# Exercise prompt:
Could you output exactly the lines running from the one containing "Building Photo - 6164 Kingsview Dr" to the final line of the listing below, leaving out pictures?

# The data:
——————
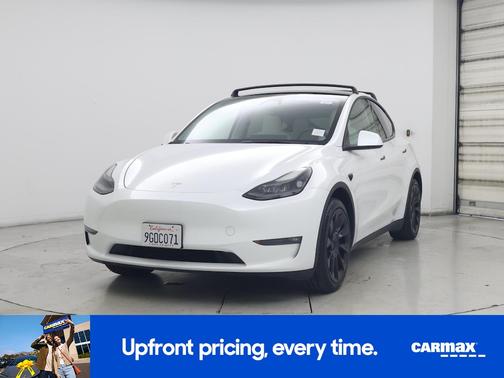 White 2023 Tesla Model Y Long Range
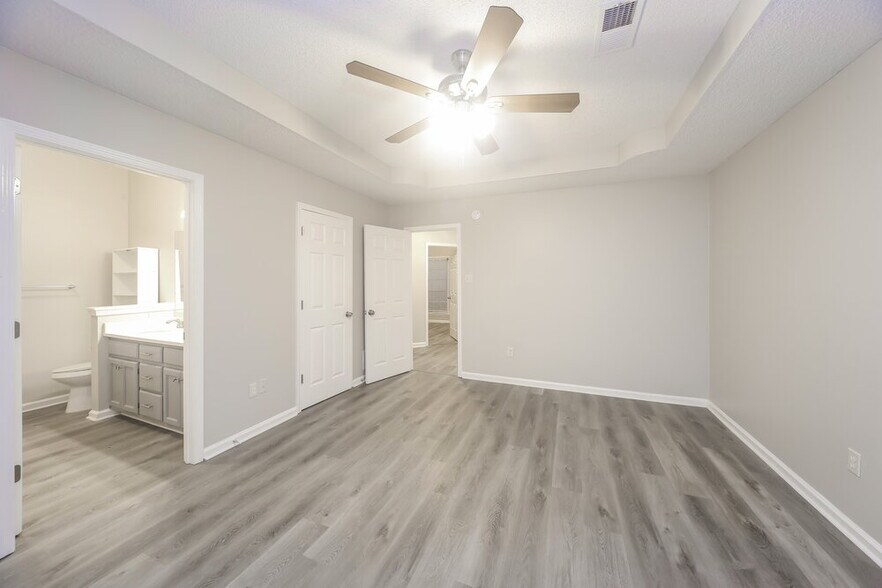 Building Photo - 6164 Kingsview Dr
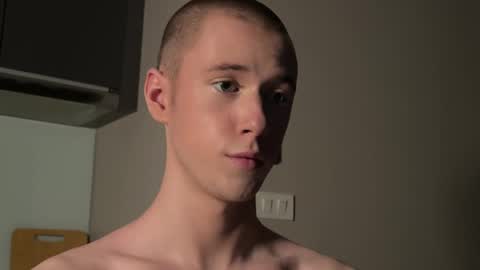 Snapshot of alexwos chatting on 01-08-25, 12:15 Alex online show from 01-08-25, 12:15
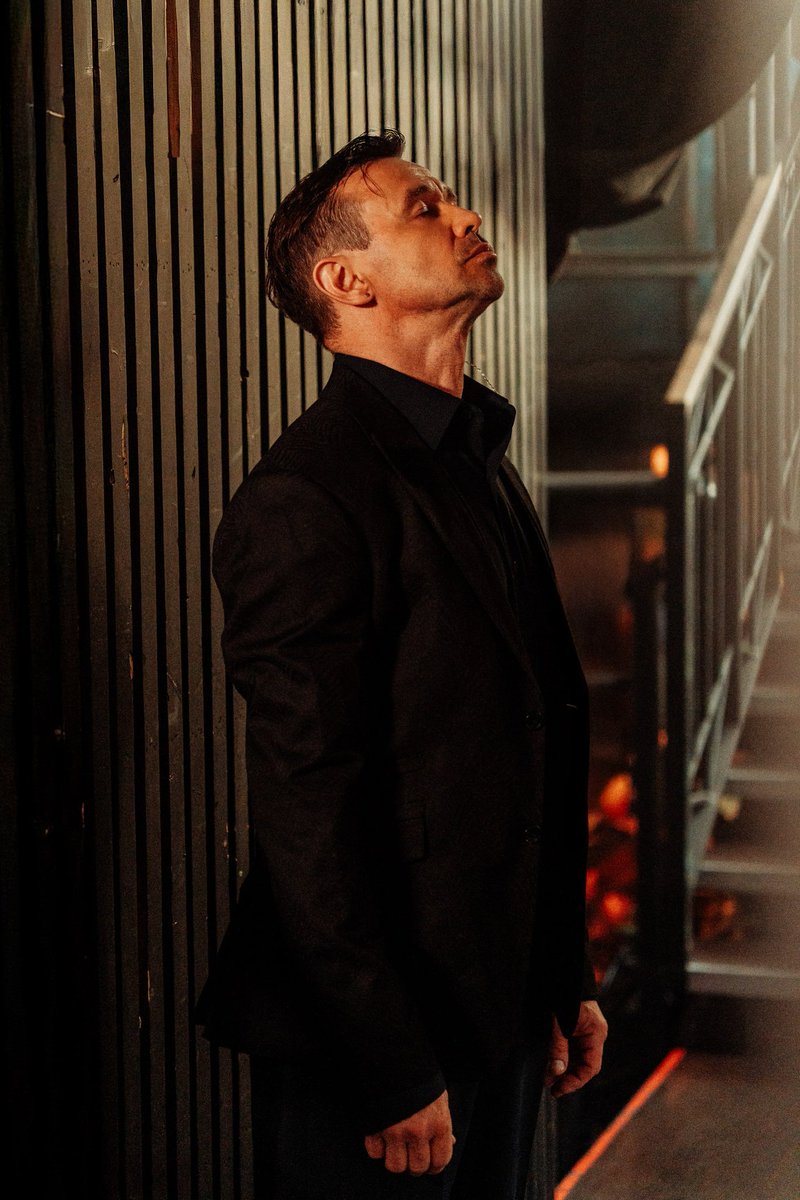 Дельфин tweet media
——————
# Answer box:
 Building Photo - 6164 Kingsview Dr
 Snapshot of alexwos chatting on 01-08-25, 12:15 Alex online show from 01-08-25, 12:15
 Дельфин tweet media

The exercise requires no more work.